A thousand times before today I had wished this happened. A million thoughts and million more regrets. Regret about not doing anything. Regret every time that I cursed the nerve-wracking and utterly frustrating urban traffic chaos I would find myself in. From Bangalore to Delhi to Mumbai and back in Bangalore. Regret for not helping the hapless driver who would be struggling to move his immobile auto/car out of the way. Regret for not assisting a traffic cop who single-handedly was handling both the noisy traffic and noisier curses. Regret at being selfish. Regret that I have always cursed but haven’t done anything. Not just regret, an ever increasing burden of guilt as well.
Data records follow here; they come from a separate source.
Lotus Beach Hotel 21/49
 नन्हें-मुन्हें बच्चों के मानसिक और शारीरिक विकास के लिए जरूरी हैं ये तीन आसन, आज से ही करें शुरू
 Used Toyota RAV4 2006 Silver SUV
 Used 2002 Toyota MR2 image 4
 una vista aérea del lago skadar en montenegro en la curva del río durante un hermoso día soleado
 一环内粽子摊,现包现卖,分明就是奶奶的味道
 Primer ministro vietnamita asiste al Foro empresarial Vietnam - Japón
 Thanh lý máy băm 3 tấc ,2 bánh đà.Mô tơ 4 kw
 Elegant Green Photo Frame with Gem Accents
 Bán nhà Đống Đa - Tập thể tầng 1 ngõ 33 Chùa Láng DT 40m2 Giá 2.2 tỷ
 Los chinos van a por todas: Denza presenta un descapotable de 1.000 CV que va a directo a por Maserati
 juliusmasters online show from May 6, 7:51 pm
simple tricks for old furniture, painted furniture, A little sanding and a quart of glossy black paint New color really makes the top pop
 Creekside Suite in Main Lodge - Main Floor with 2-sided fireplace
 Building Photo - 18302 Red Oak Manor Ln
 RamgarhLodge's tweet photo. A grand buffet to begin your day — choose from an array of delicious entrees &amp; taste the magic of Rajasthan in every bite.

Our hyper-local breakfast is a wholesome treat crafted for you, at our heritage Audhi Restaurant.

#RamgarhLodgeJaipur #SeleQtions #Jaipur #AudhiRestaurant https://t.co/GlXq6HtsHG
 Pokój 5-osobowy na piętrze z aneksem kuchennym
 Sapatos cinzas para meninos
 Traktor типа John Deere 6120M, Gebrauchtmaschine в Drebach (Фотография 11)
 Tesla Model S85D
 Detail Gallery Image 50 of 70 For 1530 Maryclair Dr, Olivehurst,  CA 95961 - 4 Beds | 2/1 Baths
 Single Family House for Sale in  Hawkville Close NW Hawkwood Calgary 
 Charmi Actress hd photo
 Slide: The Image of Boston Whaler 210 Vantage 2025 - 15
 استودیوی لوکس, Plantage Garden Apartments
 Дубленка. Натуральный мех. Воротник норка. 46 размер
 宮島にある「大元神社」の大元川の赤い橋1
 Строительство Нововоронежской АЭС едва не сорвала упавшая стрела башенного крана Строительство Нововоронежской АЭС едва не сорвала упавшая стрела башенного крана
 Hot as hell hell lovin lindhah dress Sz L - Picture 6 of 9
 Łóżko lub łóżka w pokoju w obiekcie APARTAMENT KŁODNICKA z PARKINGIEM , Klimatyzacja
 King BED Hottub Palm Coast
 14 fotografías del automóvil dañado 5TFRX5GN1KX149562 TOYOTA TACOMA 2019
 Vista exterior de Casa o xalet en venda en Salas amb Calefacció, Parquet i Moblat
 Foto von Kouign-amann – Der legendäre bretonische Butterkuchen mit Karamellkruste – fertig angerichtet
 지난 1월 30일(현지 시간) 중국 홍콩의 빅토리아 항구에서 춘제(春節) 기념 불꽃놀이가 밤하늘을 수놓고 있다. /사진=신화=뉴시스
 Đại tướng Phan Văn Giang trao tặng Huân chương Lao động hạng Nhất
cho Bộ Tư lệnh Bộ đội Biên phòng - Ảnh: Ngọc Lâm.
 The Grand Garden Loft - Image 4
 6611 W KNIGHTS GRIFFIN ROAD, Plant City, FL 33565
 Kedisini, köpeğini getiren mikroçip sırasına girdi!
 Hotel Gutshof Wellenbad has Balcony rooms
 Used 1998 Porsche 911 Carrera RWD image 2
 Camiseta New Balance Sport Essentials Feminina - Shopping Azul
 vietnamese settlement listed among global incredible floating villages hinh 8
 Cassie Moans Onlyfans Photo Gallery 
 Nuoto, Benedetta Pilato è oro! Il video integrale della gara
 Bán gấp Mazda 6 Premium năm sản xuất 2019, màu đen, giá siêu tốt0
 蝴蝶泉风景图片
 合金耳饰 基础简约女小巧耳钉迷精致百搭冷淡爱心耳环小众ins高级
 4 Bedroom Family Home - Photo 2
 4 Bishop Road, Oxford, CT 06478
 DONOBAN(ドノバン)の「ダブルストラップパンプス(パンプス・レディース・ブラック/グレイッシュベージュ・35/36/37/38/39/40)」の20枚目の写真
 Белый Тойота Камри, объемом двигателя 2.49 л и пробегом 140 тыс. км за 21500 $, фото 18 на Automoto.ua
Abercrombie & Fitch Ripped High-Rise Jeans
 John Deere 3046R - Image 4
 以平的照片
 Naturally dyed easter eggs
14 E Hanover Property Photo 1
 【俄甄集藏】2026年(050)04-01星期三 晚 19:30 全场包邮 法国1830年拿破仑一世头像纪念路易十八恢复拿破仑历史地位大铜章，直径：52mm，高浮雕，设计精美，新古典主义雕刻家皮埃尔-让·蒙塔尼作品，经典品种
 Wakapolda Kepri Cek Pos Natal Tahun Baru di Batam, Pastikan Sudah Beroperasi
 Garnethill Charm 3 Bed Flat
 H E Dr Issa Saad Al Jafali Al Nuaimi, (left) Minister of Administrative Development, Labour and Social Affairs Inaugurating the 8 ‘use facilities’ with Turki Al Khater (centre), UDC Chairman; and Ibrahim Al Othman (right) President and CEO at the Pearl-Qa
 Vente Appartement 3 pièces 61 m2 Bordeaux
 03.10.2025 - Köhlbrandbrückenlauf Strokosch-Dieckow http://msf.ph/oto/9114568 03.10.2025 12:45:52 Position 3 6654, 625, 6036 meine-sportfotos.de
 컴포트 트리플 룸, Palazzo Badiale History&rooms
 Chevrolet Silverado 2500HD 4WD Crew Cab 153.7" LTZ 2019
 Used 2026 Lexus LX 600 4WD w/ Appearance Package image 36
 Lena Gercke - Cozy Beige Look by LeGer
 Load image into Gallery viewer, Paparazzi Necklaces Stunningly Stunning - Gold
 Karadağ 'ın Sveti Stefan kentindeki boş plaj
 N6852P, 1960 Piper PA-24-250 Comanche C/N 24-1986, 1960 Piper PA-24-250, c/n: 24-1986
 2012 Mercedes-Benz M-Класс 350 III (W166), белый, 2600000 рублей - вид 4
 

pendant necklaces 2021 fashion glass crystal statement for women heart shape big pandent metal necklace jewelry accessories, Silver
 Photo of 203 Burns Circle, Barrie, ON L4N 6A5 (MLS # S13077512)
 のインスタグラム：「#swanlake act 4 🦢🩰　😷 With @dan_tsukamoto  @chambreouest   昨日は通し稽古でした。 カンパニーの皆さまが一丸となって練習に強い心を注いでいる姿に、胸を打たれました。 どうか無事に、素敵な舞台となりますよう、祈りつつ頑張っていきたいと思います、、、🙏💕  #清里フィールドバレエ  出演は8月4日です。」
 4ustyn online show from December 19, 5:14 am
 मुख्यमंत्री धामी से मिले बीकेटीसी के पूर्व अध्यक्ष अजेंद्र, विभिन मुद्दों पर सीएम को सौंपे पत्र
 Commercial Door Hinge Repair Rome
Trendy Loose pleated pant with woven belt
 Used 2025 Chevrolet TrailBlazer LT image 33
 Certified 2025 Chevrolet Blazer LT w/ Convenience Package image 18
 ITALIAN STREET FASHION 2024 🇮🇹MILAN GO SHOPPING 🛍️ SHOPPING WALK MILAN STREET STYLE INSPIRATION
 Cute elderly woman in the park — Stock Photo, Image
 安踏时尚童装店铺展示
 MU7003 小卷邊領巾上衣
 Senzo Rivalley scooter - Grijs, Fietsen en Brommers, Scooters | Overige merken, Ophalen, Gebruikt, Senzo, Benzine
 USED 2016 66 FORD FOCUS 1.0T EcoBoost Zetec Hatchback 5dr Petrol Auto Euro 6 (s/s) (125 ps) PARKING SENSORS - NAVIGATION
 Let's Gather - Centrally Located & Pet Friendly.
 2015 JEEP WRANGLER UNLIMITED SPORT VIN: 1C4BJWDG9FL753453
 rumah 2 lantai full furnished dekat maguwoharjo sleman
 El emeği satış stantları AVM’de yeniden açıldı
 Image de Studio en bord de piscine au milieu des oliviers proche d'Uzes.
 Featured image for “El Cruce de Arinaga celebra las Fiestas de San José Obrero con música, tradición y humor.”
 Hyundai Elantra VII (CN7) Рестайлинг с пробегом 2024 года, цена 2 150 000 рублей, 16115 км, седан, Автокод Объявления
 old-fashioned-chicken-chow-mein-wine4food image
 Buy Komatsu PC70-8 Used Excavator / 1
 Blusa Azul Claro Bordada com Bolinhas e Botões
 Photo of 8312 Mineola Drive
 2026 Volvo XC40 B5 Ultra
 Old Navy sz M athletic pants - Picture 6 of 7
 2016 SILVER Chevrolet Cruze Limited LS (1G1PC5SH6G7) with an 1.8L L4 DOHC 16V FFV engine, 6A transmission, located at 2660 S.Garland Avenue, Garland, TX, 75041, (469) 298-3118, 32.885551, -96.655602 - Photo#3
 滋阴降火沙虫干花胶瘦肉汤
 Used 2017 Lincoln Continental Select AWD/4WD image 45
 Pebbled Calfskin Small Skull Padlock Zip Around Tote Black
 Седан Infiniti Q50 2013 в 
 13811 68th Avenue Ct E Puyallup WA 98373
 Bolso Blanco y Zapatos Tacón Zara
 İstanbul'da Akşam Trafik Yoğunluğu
That burden lightened just a little today. As I was riding towards office on Margosa Road in Malleswaram, it was yet another logjam of motors. On a road barely 10 feet wide, we had vehicles driving from both sides. To top this, you had intersections that let in more from the east and west too. And, to top it all and the main cause of the logjam, there was this car parked on this razor-thin road. No cops, no traffic lights and no sanity.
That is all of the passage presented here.